#Trashtag is seeing people cleaning up parks, litter-strewn streets and beaches before calling on outsiders to clear up their own communities.
There have been some pretty interesting social media challenges in the last few years. We’ve had ‘neknominate‘ – the ‘merry’ internet frenzy which urged participants to guzzle absurd amounts of booze. There was the Birdbox challenge, of course. There’s too, when people began lying face down on as many objects as they possibly could.
All of these viral trends were downright moronic. Thereby, it’s nice to see a positive challenge for a change. The idea of #Trashtag has been around a number of years however it was over the weekend that it began to pick up steam again with persons around the globe posting before and after photos to social media.

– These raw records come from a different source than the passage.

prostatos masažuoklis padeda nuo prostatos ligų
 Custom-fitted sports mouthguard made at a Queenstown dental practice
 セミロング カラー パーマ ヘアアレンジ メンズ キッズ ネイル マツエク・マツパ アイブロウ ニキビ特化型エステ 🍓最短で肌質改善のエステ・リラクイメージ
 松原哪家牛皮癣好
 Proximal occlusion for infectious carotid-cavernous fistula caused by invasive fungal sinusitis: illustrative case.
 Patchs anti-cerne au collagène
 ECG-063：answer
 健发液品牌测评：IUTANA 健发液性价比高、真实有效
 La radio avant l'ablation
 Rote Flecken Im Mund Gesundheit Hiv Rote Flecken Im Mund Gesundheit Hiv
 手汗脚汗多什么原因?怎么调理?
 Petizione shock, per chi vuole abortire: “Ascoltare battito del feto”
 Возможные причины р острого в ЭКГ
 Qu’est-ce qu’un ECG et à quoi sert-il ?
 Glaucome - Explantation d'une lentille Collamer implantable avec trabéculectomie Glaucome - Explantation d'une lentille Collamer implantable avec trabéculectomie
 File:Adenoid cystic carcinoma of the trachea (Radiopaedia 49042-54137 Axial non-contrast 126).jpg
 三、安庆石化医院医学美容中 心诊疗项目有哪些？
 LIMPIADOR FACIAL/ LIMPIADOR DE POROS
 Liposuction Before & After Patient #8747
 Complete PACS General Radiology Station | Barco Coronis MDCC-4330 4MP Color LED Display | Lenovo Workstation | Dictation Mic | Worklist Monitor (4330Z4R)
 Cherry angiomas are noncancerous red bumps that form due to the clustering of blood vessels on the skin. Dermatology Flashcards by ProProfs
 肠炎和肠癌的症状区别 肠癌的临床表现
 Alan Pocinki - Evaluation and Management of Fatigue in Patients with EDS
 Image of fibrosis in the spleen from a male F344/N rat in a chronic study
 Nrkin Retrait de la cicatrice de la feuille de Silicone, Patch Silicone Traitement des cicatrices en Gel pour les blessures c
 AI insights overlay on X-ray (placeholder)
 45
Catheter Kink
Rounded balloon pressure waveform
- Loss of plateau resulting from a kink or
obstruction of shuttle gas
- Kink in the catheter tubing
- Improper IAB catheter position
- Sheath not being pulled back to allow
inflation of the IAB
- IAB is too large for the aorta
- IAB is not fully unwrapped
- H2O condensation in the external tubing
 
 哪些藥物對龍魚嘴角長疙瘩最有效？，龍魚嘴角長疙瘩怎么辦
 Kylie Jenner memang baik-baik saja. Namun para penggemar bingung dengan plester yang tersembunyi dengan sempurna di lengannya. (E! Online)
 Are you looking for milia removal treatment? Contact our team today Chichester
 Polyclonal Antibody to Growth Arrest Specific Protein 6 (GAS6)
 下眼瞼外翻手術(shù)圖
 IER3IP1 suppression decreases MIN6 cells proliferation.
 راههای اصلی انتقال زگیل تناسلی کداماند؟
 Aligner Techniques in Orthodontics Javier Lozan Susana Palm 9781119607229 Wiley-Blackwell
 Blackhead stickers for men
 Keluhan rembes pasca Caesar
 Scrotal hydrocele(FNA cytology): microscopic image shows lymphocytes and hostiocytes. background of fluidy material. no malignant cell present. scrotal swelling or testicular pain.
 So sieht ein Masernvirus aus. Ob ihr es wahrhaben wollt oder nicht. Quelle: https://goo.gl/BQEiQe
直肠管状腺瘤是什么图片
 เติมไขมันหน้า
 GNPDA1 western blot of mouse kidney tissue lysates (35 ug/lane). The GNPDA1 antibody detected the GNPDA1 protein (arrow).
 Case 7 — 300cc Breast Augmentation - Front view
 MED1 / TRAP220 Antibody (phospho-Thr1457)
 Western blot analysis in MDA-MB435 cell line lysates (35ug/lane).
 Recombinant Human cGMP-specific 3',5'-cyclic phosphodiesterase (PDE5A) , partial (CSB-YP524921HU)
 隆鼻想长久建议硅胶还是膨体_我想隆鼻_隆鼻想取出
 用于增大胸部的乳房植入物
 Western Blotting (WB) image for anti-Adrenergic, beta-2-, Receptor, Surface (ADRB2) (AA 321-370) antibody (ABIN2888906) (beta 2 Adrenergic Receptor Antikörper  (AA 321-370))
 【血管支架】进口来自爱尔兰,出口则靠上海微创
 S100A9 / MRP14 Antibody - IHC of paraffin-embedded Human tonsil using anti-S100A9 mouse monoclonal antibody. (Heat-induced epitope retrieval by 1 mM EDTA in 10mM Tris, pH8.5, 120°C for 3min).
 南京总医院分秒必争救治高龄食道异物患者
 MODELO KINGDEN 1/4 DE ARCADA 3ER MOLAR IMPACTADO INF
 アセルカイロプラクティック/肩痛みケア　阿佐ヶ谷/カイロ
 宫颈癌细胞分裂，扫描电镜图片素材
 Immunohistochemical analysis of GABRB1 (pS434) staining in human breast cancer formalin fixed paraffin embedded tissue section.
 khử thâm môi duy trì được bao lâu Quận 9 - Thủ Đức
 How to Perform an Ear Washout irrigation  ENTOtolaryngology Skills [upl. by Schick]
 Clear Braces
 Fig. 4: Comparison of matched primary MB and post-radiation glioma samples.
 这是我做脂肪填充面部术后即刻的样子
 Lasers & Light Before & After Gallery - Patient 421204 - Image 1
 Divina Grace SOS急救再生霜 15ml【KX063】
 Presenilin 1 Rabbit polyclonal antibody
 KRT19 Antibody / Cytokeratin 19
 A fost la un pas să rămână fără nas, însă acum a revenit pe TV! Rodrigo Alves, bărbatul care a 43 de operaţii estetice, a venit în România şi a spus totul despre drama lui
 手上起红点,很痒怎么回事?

The drastic cleanup activities included wooded areas strewn in plastic trash which was scooped up and amassed into bin bags. The fad commissioned ‘bored teens’ to participate and, as word began to circulate, so did #trashtag.
Many individuals too included a justification as to why cleansing areas of natural landscape is so pivotal.
Posting on Instagram, Cody Hanson stressed: “It’s the only outdoors we have. We all use it for many different things but it is the only one we have. So let’s all do our part and treat it with respect.
“Let’s pick up after ourselves and then pick up extra. It only takes a few minutes of your time to pick up something that’ll far outlast us humans if left alone.”